- Opening Delimiter -

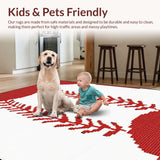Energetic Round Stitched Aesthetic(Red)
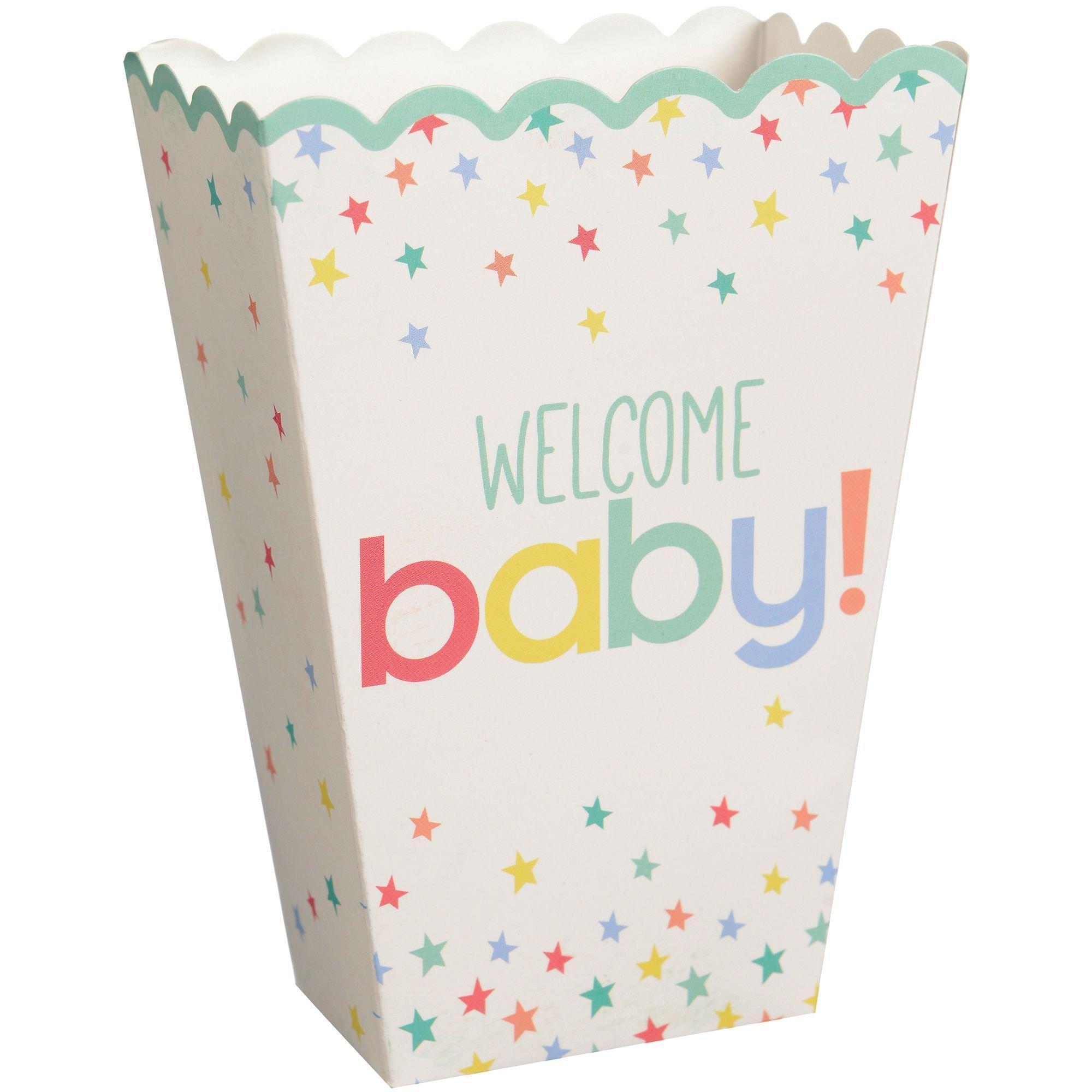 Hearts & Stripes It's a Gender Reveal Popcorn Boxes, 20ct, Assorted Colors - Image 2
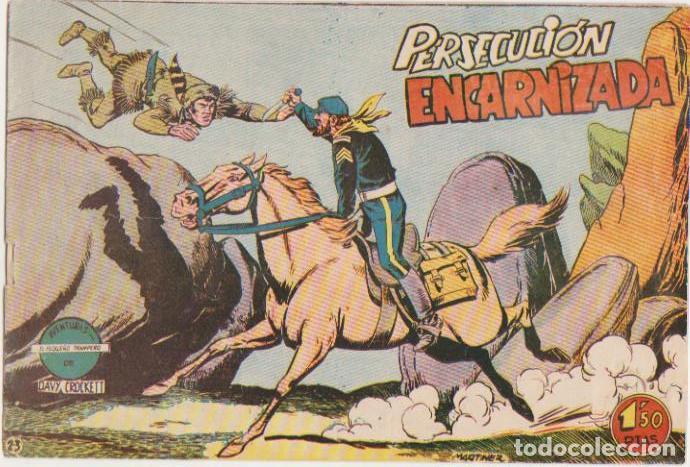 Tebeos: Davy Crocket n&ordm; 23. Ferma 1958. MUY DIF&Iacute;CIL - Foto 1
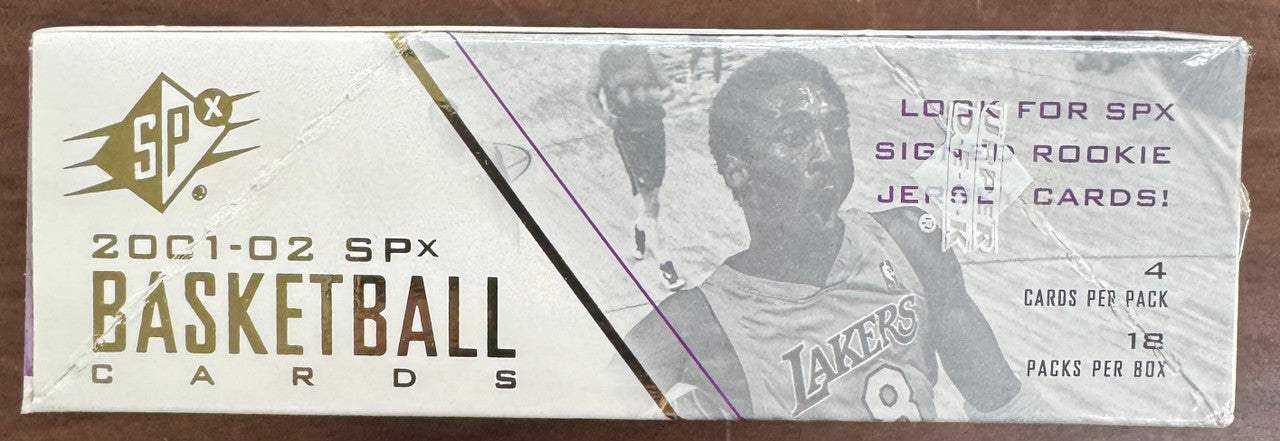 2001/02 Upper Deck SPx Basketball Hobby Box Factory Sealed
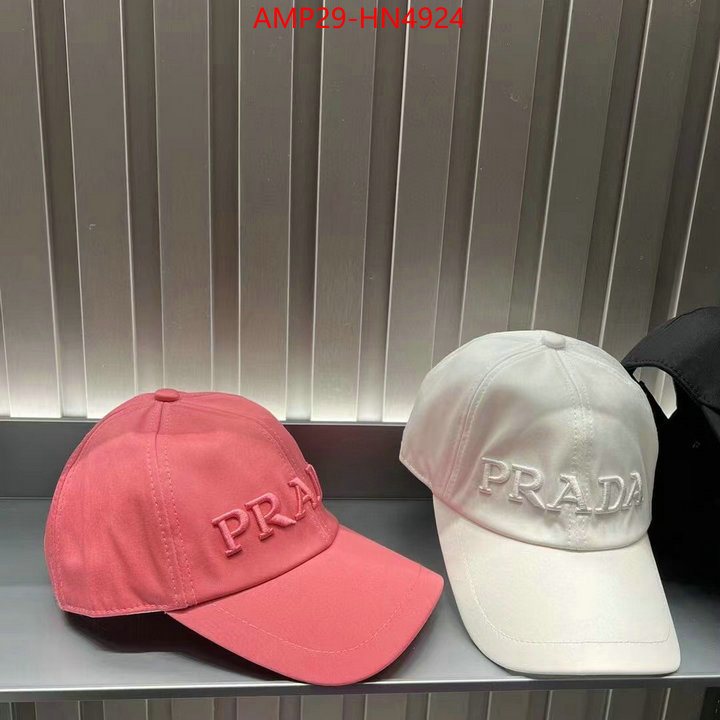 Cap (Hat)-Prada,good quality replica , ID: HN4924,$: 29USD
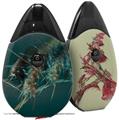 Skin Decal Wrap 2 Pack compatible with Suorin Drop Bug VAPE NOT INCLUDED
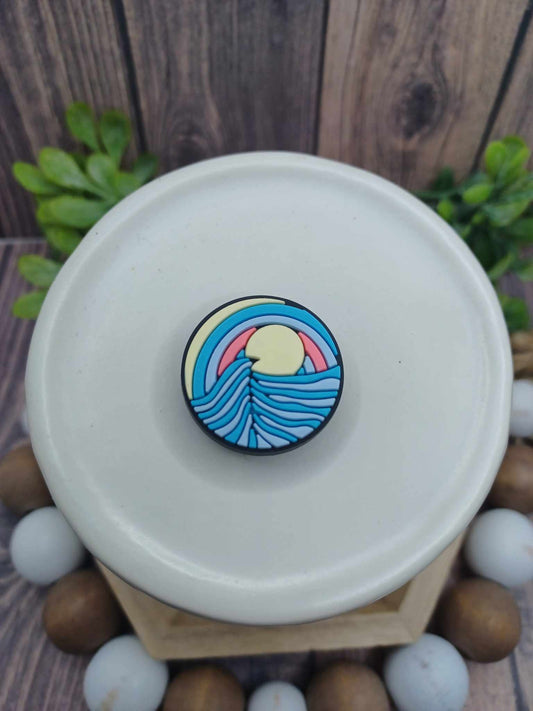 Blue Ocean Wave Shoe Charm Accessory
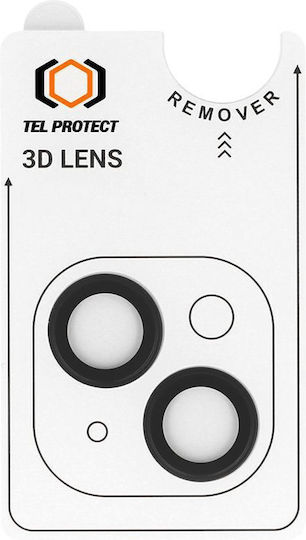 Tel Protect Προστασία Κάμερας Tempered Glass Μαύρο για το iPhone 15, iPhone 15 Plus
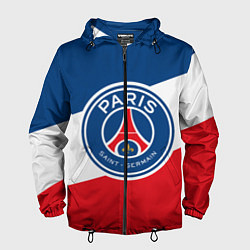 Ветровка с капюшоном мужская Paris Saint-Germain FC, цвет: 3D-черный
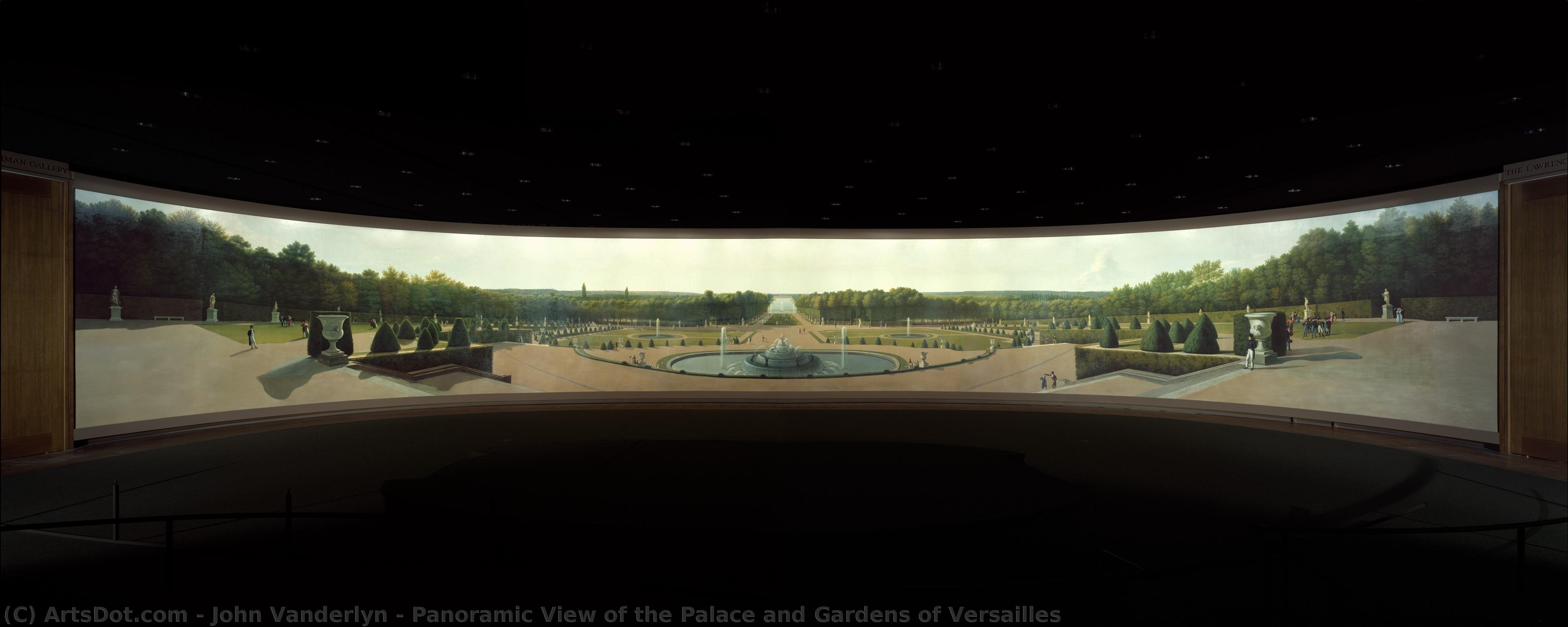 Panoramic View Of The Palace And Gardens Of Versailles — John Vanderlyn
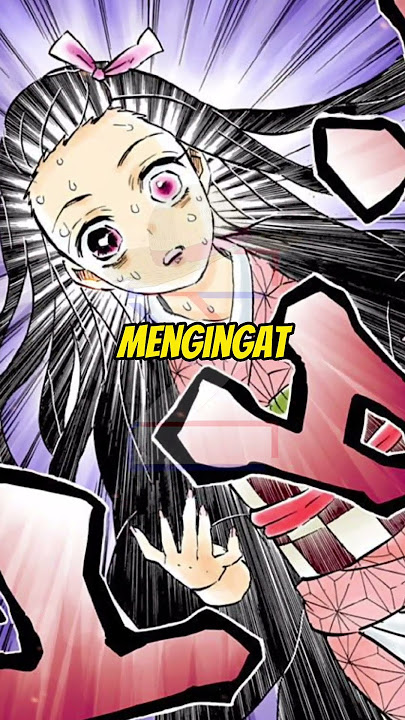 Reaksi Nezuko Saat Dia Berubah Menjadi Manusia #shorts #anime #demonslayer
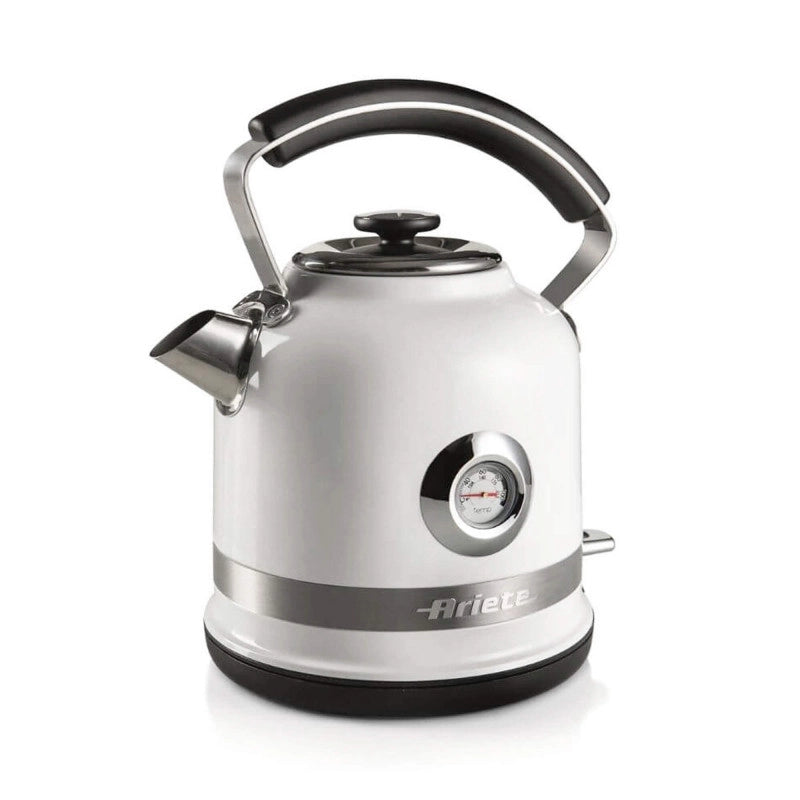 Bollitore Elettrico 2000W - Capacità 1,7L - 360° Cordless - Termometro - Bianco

- Closing Delimiter -

> _TASK INSTRUCTIONS_
When you copy the entries, keep every word exactly as it stands and drop any pictures.

> _ANSWER TO THIS PROBLEM_
Energetic Round Stitched Aesthetic(Red)
 Hearts & Stripes It's a Gender Reveal Popcorn Boxes, 20ct, Assorted Colors - Image 2
 Tebeos: Davy Crocket n&ordm; 23. Ferma 1958. MUY DIF&Iacute;CIL - Foto 1
 2001/02 Upper Deck SPx Basketball Hobby Box Factory Sealed
 Cap (Hat)-Prada,good quality replica , ID: HN4924,$: 29USD
 Skin Decal Wrap 2 Pack compatible with Suorin Drop Bug VAPE NOT INCLUDED
 Blue Ocean Wave Shoe Charm Accessory
 Tel Protect Προστασία Κάμερας Tempered Glass Μαύρο για το iPhone 15, iPhone 15 Plus
 Ветровка с капюшоном мужская Paris Saint-Germain FC, цвет: 3D-черный
 Panoramic View Of The Palace And Gardens Of Versailles — John Vanderlyn
 Reaksi Nezuko Saat Dia Berubah Menjadi Manusia #shorts #anime #demonslayer
 Bollitore Elettrico 2000W - Capacità 1,7L - 360° Cordless - Termometro - Bianco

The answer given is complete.